The other big area of machine learning that we regularly deal with is Regression. Regression comes into play whenever what we are trying to predict is continuous, real-valued. If we want to know how many people are going to be at X, when Y will happen or what the cost of Z is, those are all going to be Regression problems. Just like with Classification, there are many different options in measuring accuracy.

*Average Distance*

The most basic way of measuring the error here is to take every prediction and figure out how far away it was from the actual value by simple subtraction. After taking the absolute value (to make sure that large negative and large positive errors do not cancel each other out), you average all of these errors and report that as your metric. This is called the Mean Absolute Error. A more common variation on this works to penalize large errors somewhat more than small ones. Instead of taking the absolute value, the errors are squared before averaging. This is Mean Squared Error. Usually the square root is taken after the data is aggregated, bringing things back to the original order of magnitude; in this case, we're dealing with Root Mean Squared Error. This approach can be extended further to more highly penalize larger errors, taking the error to a higher power, but this is rarely done.

*Relative Scale*

Alternatives to these methods exist as well. Maybe we are dealing with something where the exact number of difference is less important than the relative amount. In these cases, we might work with Percent Error so that being off by 10 when the real value is in the millions is less important than being off by 5 when the real value is 10.

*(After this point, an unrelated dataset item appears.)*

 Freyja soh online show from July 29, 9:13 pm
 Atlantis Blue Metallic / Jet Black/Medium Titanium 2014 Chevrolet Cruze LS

Finally, in some cases, what we really care about is that the prediction is on the right order of magnitude. In other words, we care less about getting the numbers exactly right and more about knowing whether to expect a number in the 10s versus the thousands versus the millions. In these cases, we will usually want to transform the raw values by taking their logarithm and then use one of the above metrics on the log-transformed data. This is effectively the same as looking at the multiplicative error; if we divide our prediction by the real answer (or vice versa), how close are we to getting the ideal ratio of 1?

These are the most common types of measurements and errors we look at when dealing with machine learning, but this is not an exhaustive list. The important point is that it really does make a difference to know how the data is getting used because that allows us to tailor the right measurement to the right problem. It is only by doing this that we can make models that are not only accurate, but are also successful in achieving their desired goals.